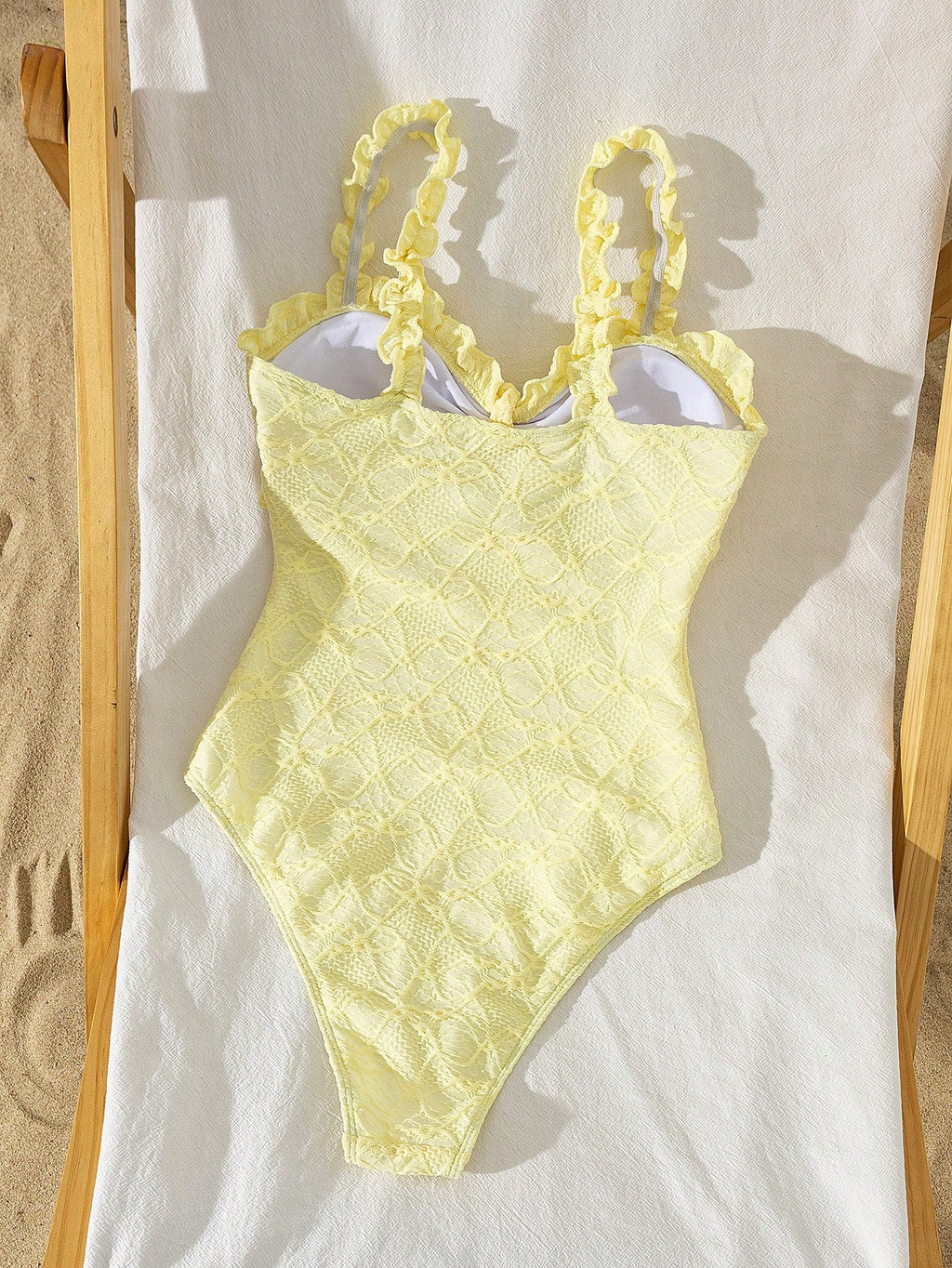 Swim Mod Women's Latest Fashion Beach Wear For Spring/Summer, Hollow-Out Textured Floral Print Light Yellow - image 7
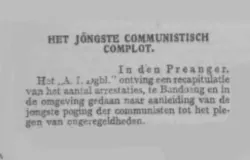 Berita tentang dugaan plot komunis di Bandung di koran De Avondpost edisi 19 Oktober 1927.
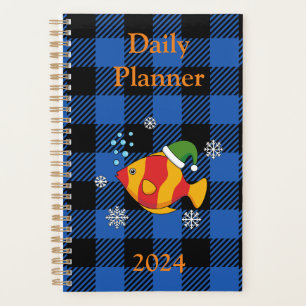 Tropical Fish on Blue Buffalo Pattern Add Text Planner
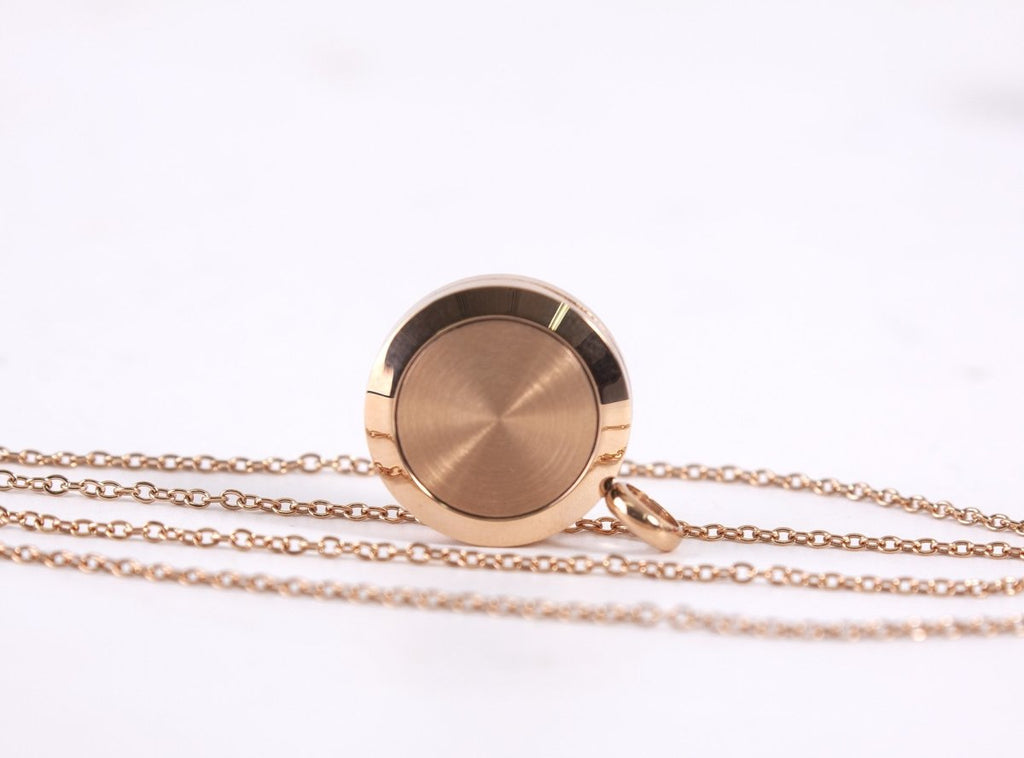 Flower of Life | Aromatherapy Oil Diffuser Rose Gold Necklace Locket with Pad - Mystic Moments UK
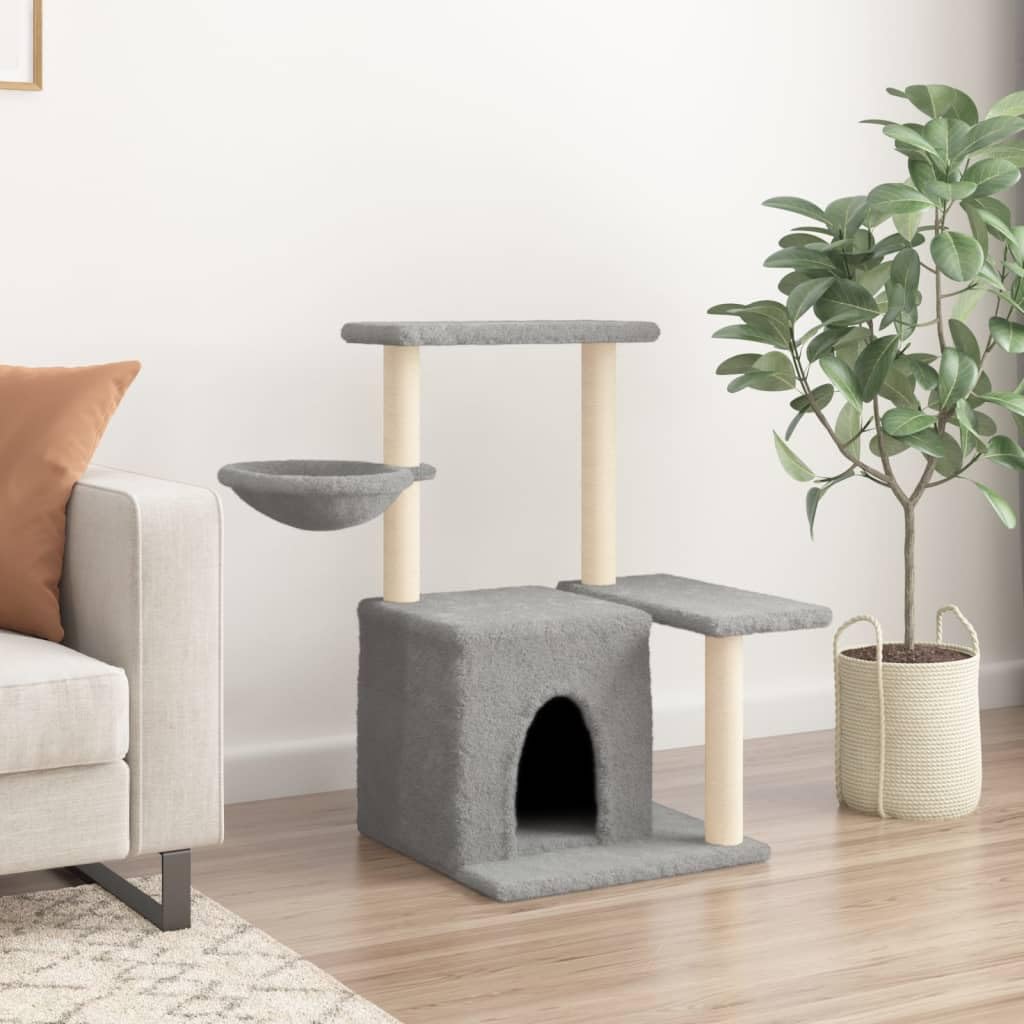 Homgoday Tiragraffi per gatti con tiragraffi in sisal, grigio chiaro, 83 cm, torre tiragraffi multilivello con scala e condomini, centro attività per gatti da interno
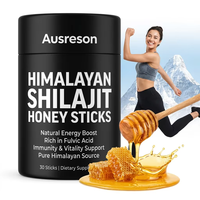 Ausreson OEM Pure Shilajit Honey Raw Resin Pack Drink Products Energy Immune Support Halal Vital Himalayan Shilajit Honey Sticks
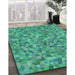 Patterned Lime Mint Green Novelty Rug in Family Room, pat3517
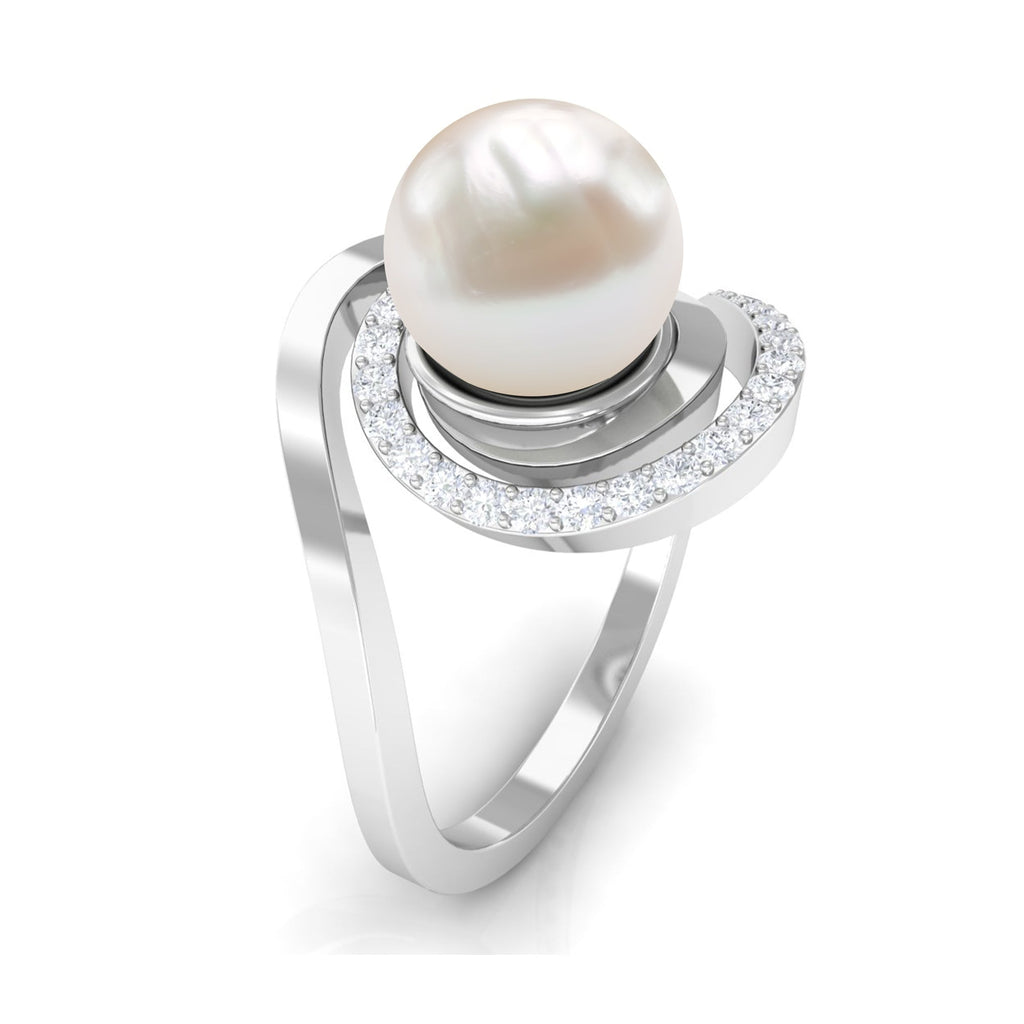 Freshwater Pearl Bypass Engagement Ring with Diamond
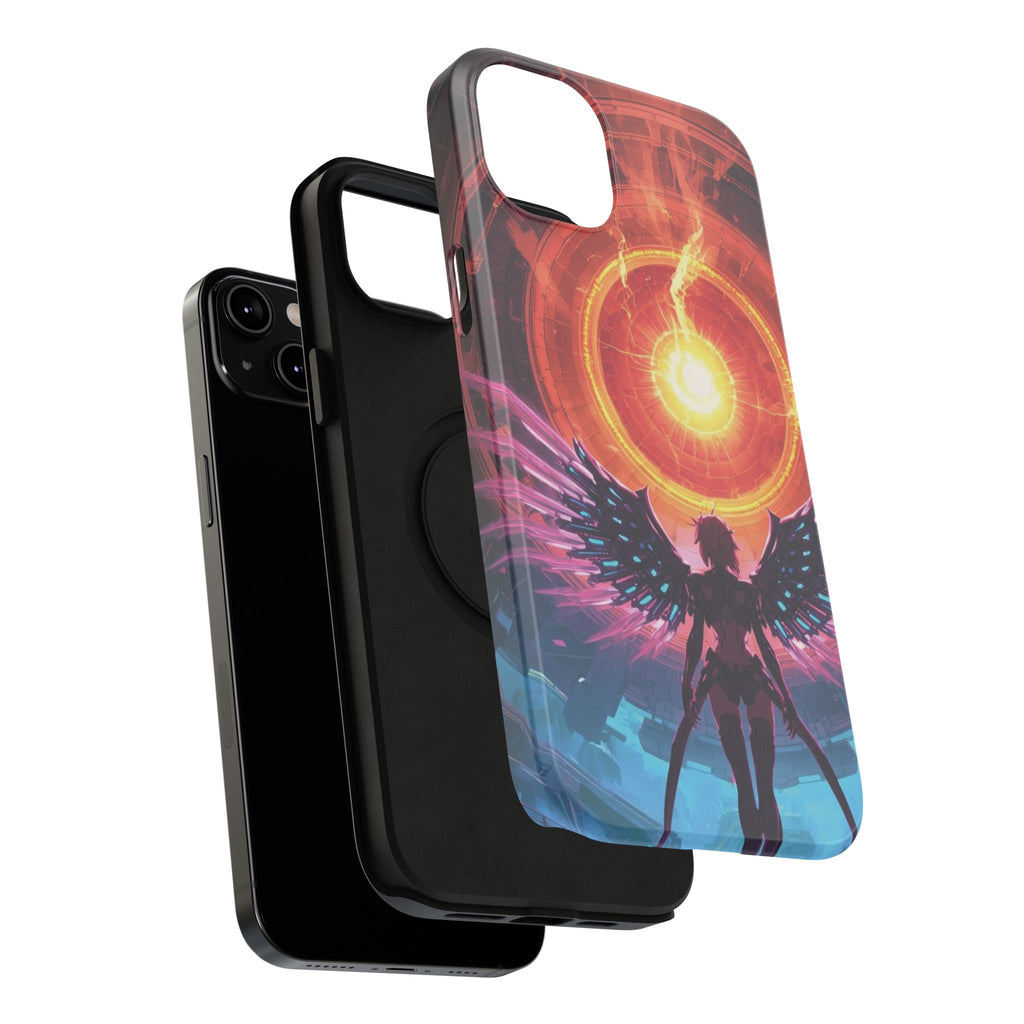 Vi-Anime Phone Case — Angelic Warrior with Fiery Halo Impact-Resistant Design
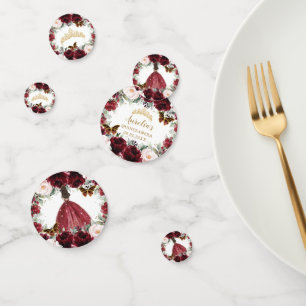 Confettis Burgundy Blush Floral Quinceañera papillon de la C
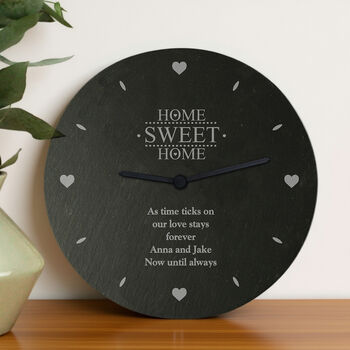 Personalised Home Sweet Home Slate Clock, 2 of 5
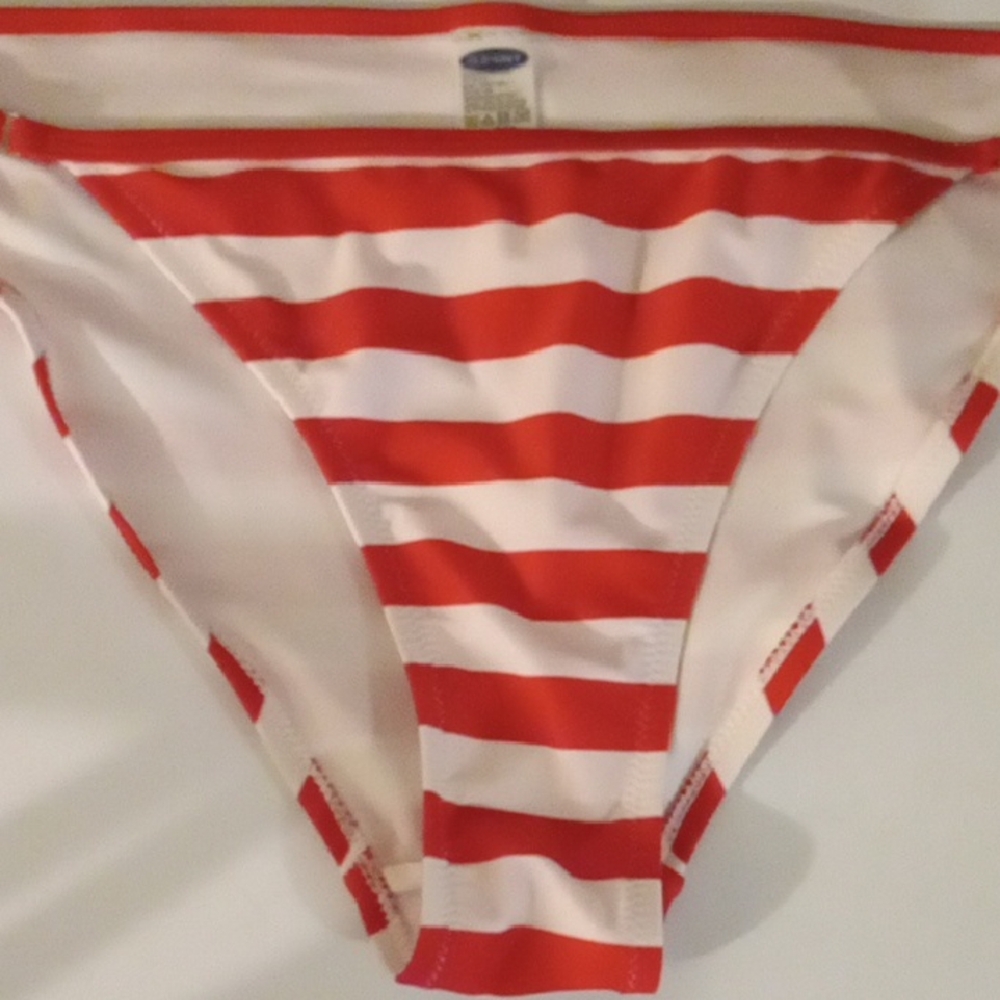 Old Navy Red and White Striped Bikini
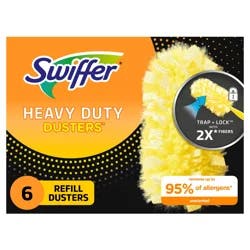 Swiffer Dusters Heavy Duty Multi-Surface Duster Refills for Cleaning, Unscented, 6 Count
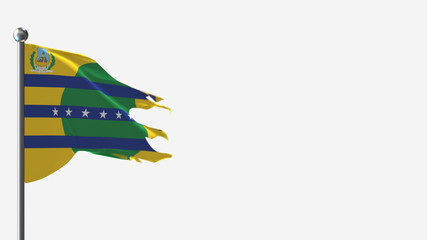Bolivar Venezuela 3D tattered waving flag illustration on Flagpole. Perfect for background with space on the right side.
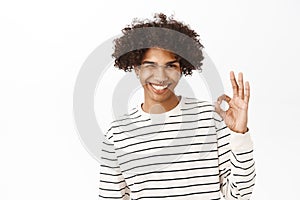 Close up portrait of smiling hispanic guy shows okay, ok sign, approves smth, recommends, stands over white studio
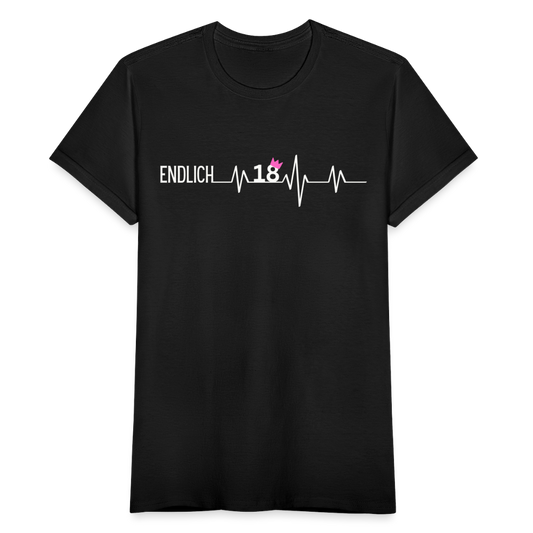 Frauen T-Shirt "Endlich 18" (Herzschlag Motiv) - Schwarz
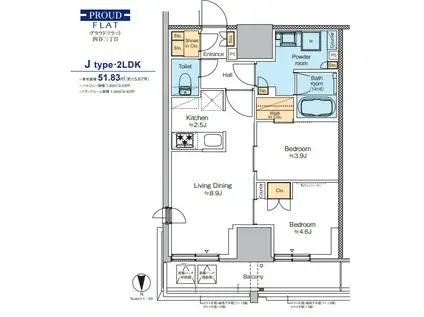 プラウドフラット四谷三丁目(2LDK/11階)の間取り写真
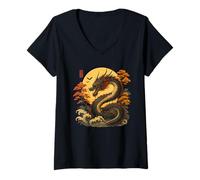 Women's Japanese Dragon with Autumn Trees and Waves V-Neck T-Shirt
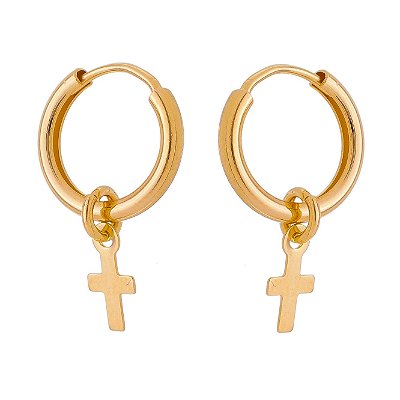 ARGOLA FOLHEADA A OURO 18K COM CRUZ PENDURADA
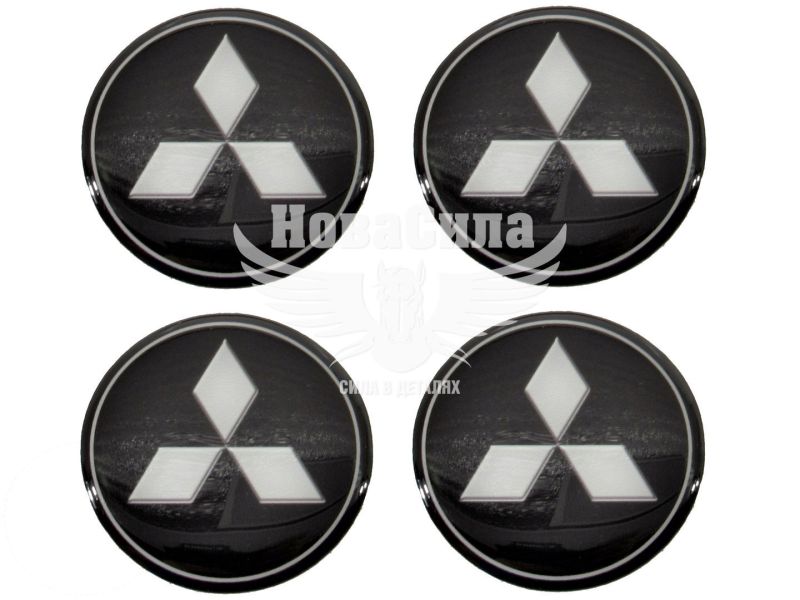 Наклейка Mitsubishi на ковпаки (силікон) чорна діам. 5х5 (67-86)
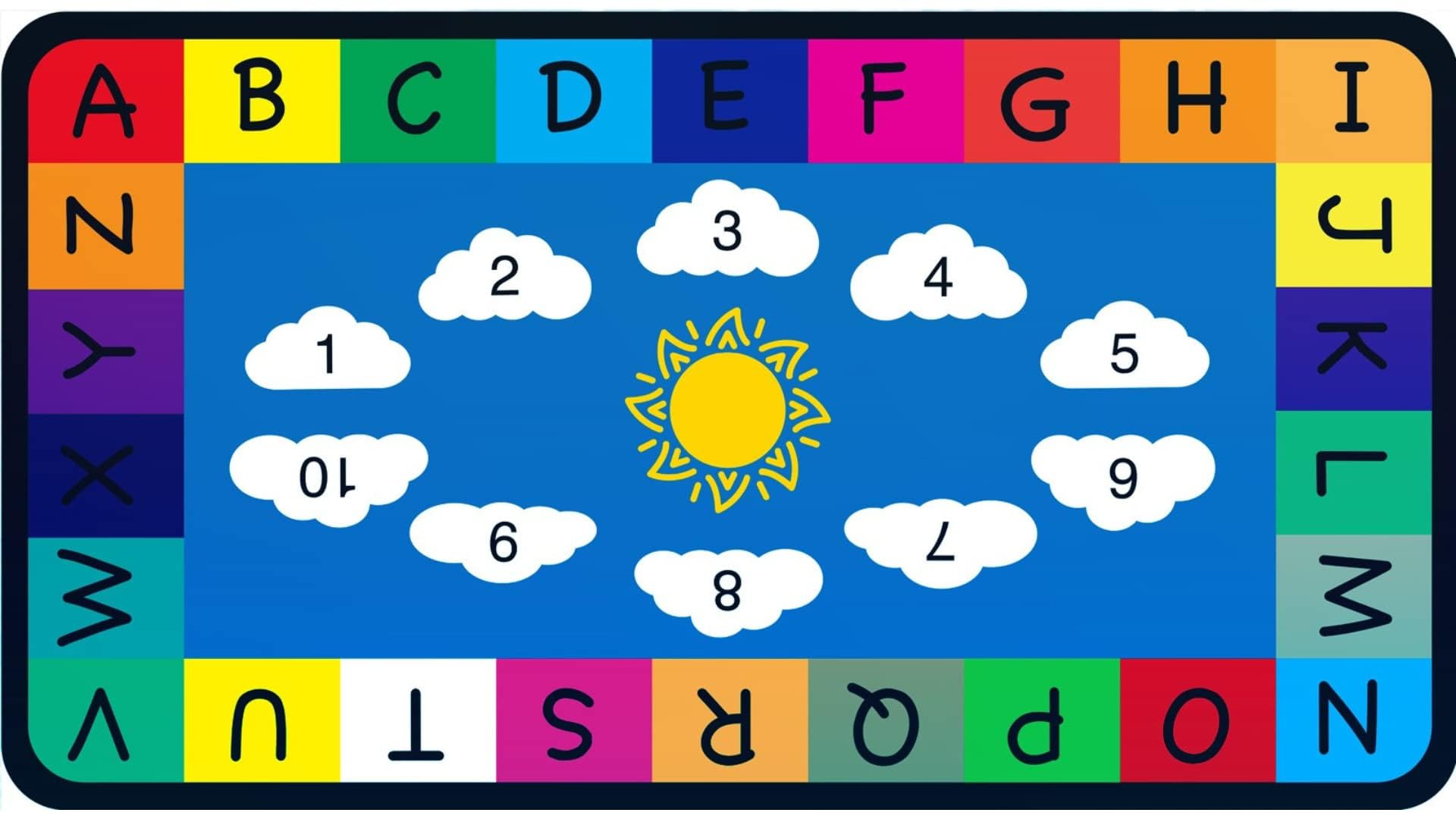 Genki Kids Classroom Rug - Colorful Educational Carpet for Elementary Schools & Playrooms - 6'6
===============
:: The problem ::
Print the line above containing "Berita tentang dugaan", the line containing "Flower of Life", and everything between them, exactly as written. Pictures stay out.

:: Written solution ::
 Berita tentang dugaan plot komunis di Bandung di koran De Avondpost edisi 19 Oktober 1927.
 Tropical Fish on Blue Buffalo Pattern Add Text Planner
 Flower of Life | Aromatherapy Oil Diffuser Rose Gold Necklace Locket with Pad - Mystic Moments UK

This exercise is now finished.